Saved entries
______________________________

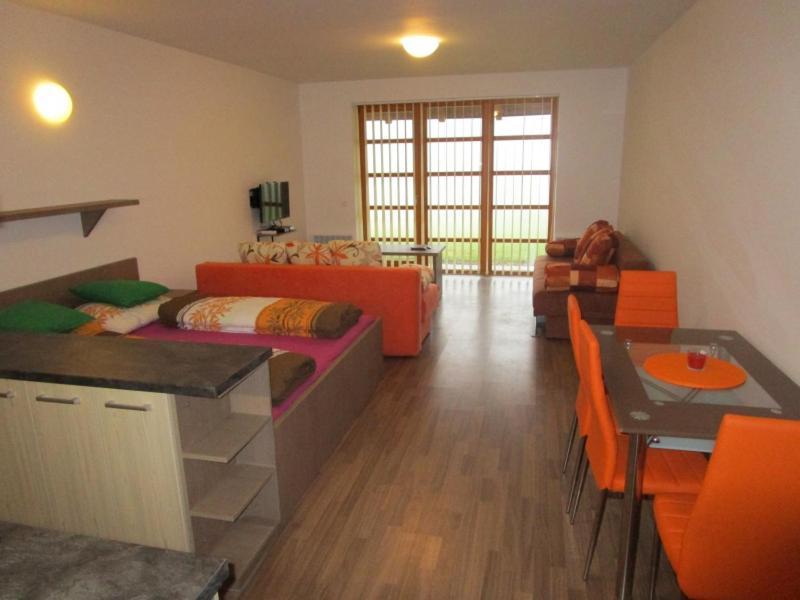 Apartmán Říčky v Orlických Horách Pustiny Exterior foto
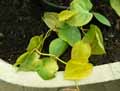 Philodendron hederaceum Aureum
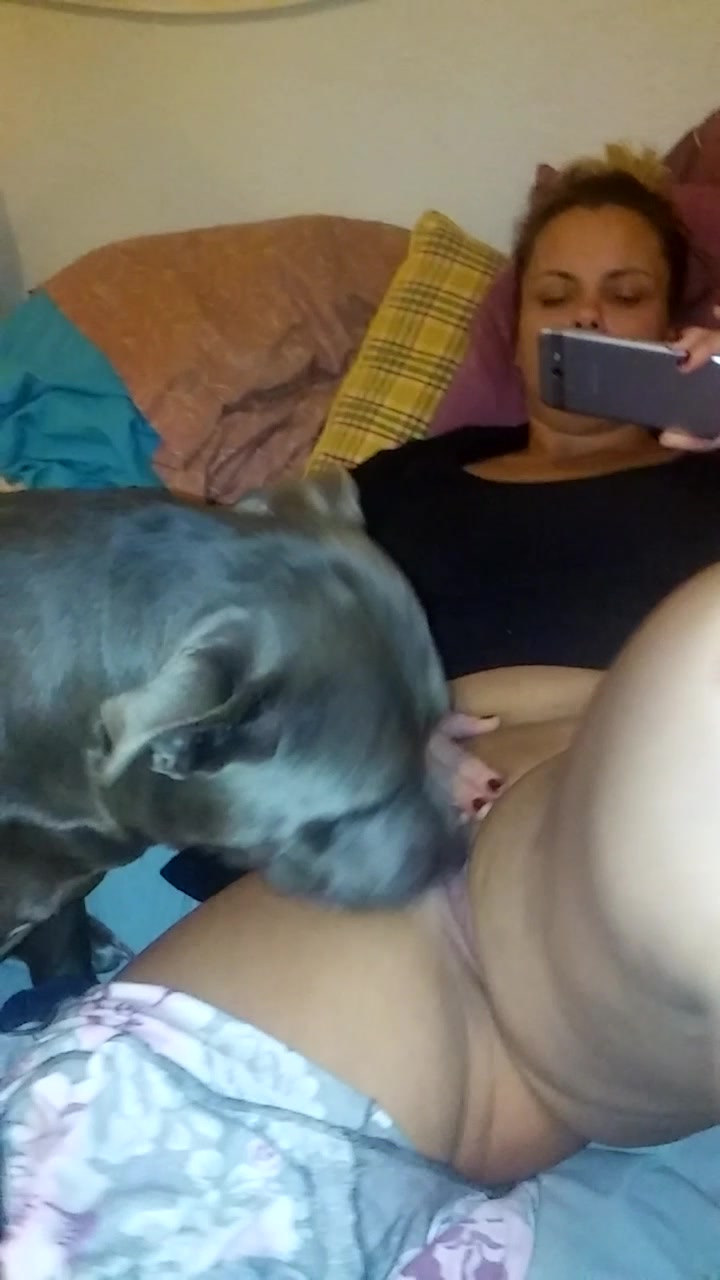 Cachorro lambe buceta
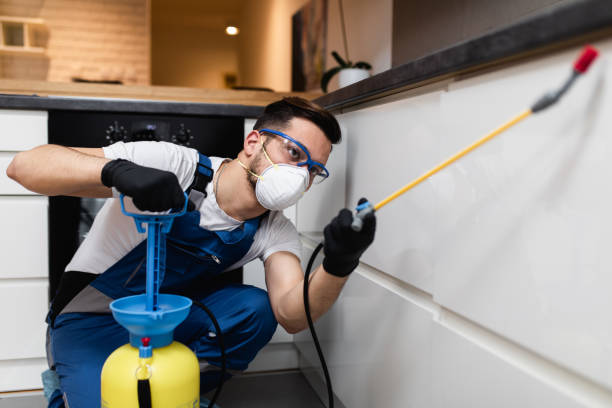 Best Local Pest Control Services  in Jacksonville, TX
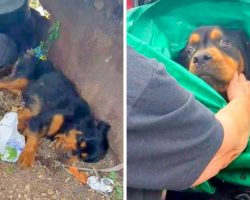 Paralyzed Rottweiler Dumped In Trash, Was Used For Breeding And Then Left To Die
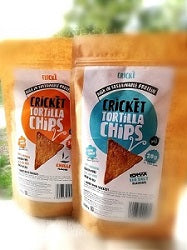 New: insects-based chips
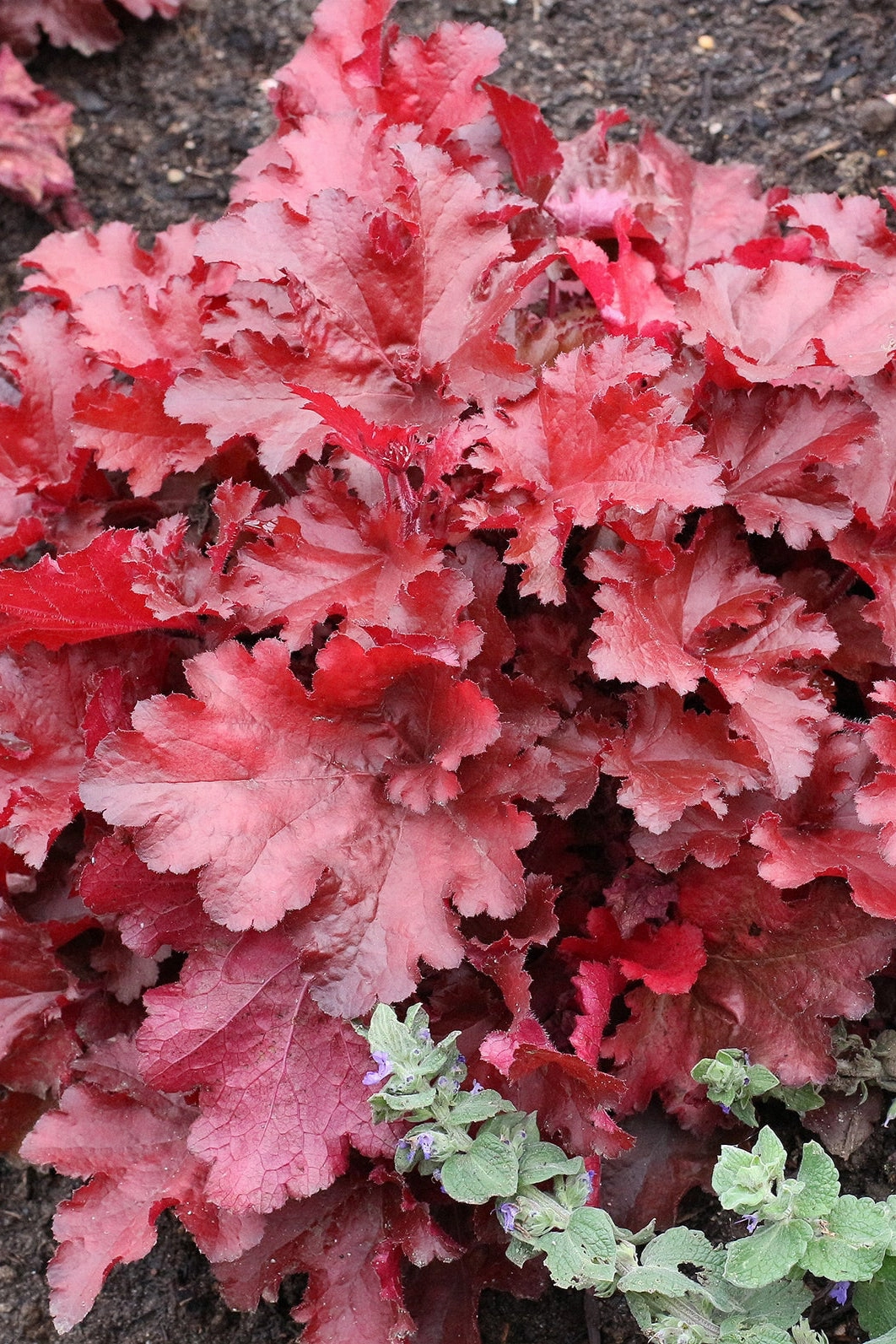 Heuchera 'Forever Red' #1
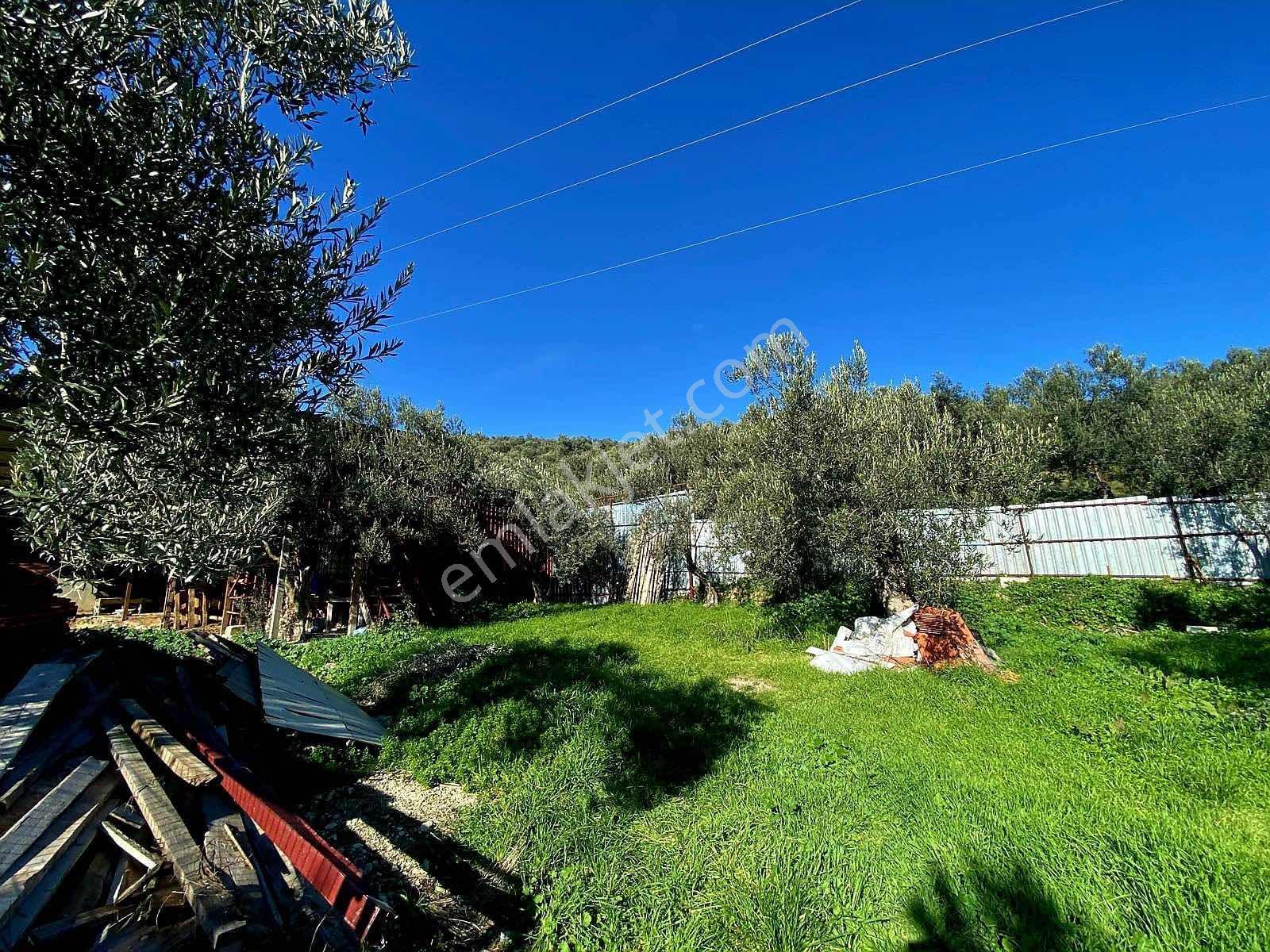 Güçlü Kardeşler Yeşilyurtda 1440m2 Çiftlik Tadında Zeytinlik — fotoğraf 15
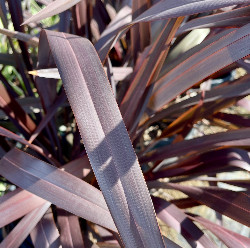 platts-black-flax-phormium-platts-black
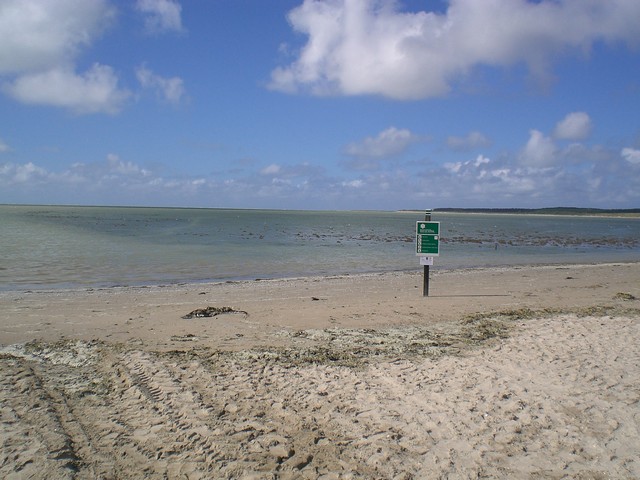 CIMG4448.JPG
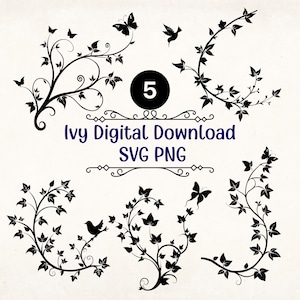 Lierre et papillon SVG, Clipart lierre et oiseau png Lierre vignes Svg, lierre svg, Cricut et Silouette Svg, feuilles svg,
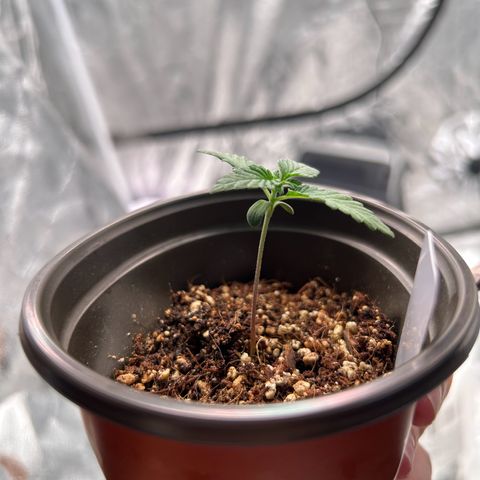 Cinnamon Milk growlog photo: Getting big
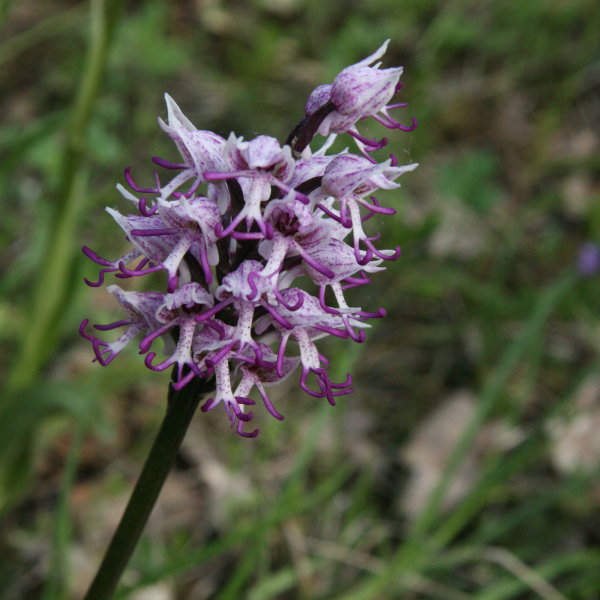 Orchis simia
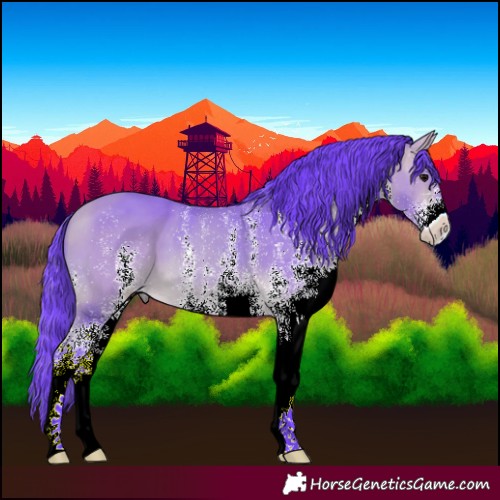 Horse Color:Watercolor White Spotted Buckskin 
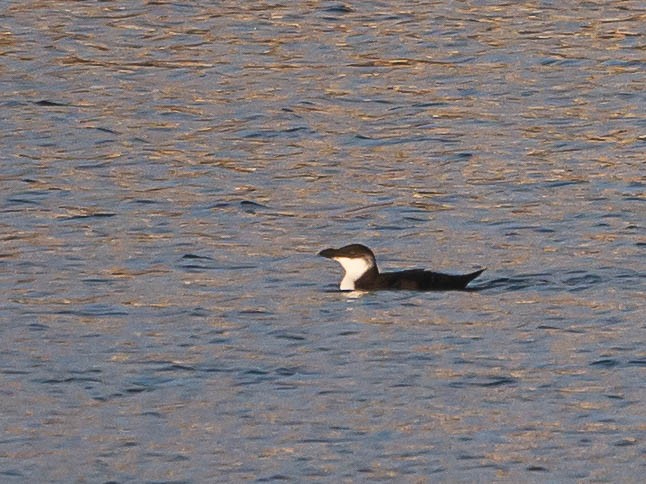 Razorbill - ML553203761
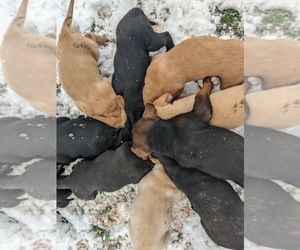 Labrador Retriever Puppy for sale in MASON, WI, USA
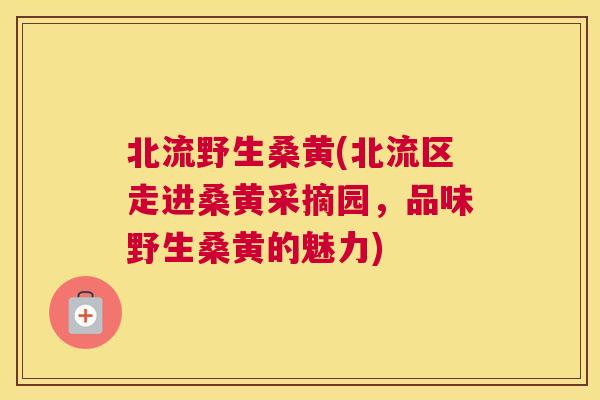 北流野生桑黄(北流区走进桑黄采摘园,品味野生桑黄的魅力) 北流野生桑黄(北流区走进桑黄采摘园,品味野生桑黄的魅力)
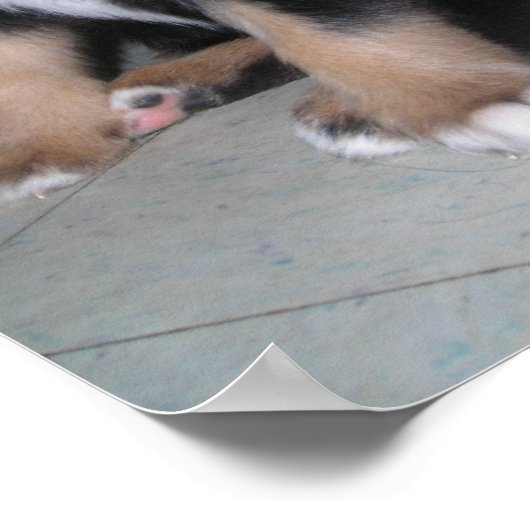 Welpe Raspberry Poster (Ecke)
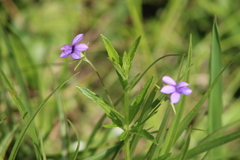 Monopsis stellarioides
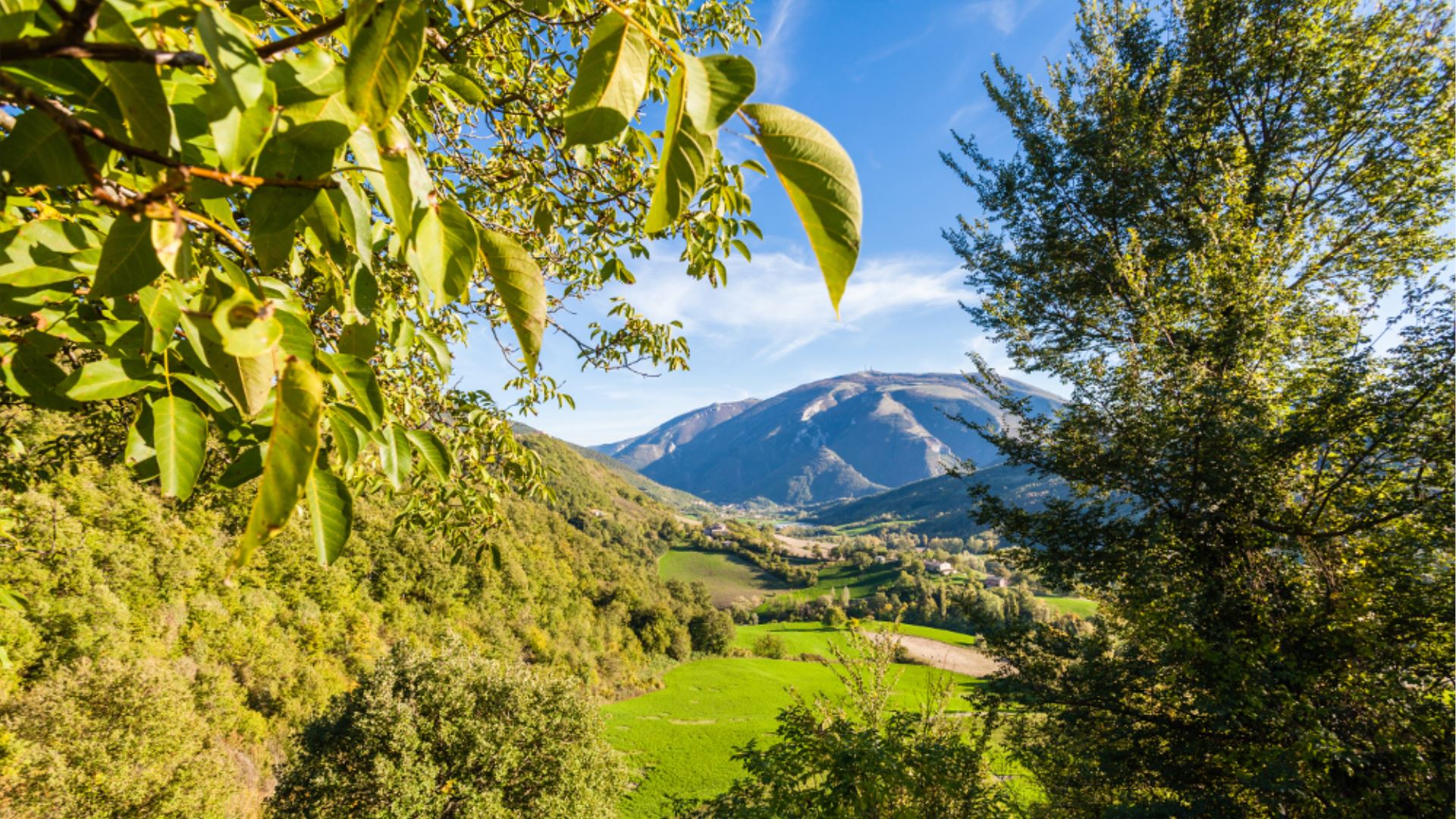 CA' LICOZZO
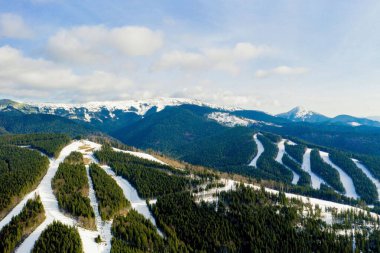 Karpatlar 'da kış tatiline giden çam ağaçlarının arasından kayak ve kar kayağı manzarası..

______________________________

# Problem description
Reproduce only the lines from the first line of the entries through the line containing "Horse Color:Watercolor White", exactly and with both ends kept. Omit the pictures.

# Answer to the problem
 Apartmán Říčky v Orlických Horách Pustiny Exterior foto
 Philodendron hederaceum Aureum
 Cachorro lambe buceta
 Best Local Pest Control Services  in Jacksonville, TX
 Paralyzed Rottweiler Dumped In Trash, Was Used For Breeding And Then Left To Die
 New: insects-based chips
 Heuchera 'Forever Red' #1
 Güçlü Kardeşler Yeşilyurtda 1440m2 Çiftlik Tadında Zeytinlik — fotoğraf 15
 platts-black-flax-phormium-platts-black
 CIMG4448.JPG
 Lierre et papillon SVG, Clipart lierre et oiseau png Lierre vignes Svg, lierre svg, Cricut et Silouette Svg, feuilles svg,
 Cinnamon Milk growlog photo: Getting big
 Orchis simia
 Horse Color:Watercolor White Spotted Buckskin 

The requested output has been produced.